— Source material —
:::

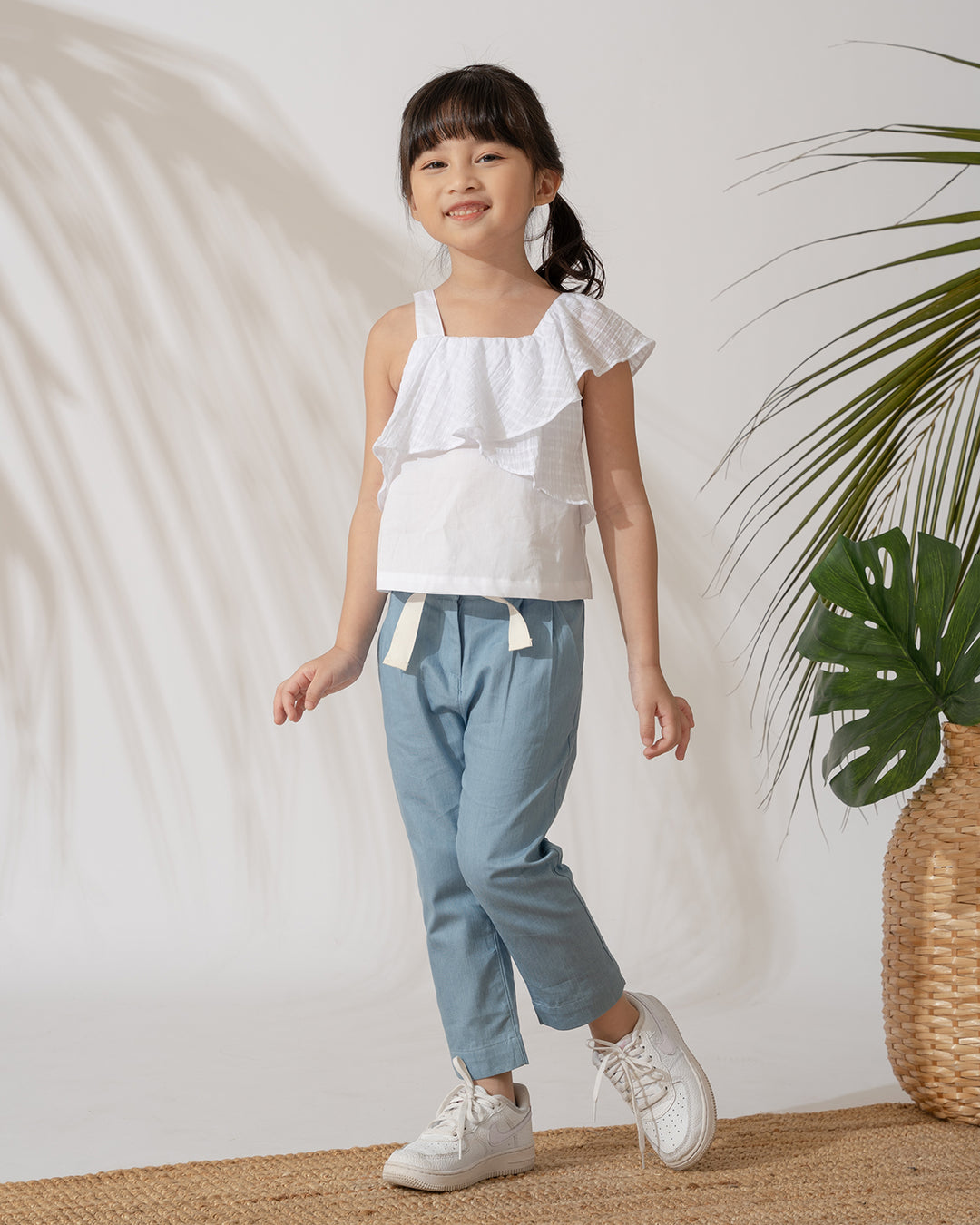 Poney Girls Sleeveless Blouse with Lace Ruffles
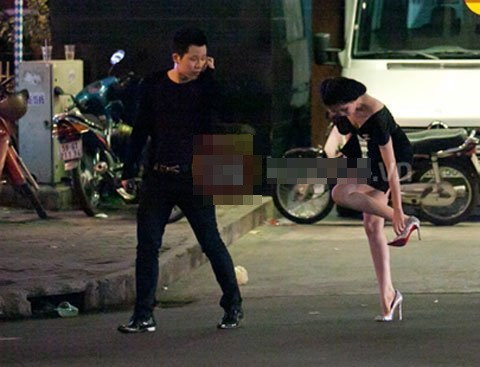 Dù không ít lần gặp cảnh trớ trêu với những đôi giày cao gót nhưng Ngọc Trinh vẫn trung thành với món phụ kiện yêu thích này. Ảnh: Kenh14.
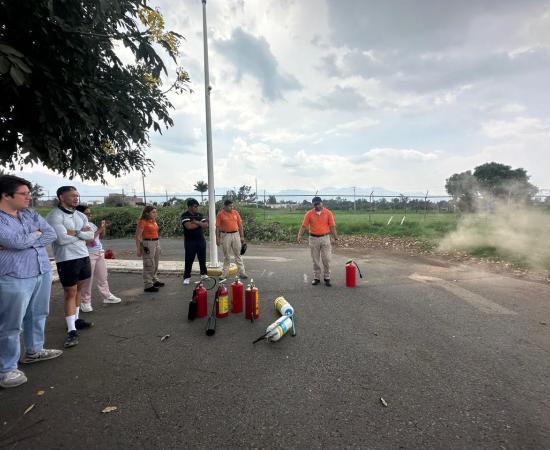 Servicios Académicos del CUSur recibe formación en atención de emergencias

:::

— Task to complete —
Please give back every line above exactly as it stands, without pictures.

— Answer box —
 Poney Girls Sleeveless Blouse with Lace Ruffles
 Dù không ít lần gặp cảnh trớ trêu với những đôi giày cao gót nhưng Ngọc Trinh vẫn trung thành với món phụ kiện yêu thích này. Ảnh: Kenh14.
 Servicios Académicos del CUSur recibe formación en atención de emergencias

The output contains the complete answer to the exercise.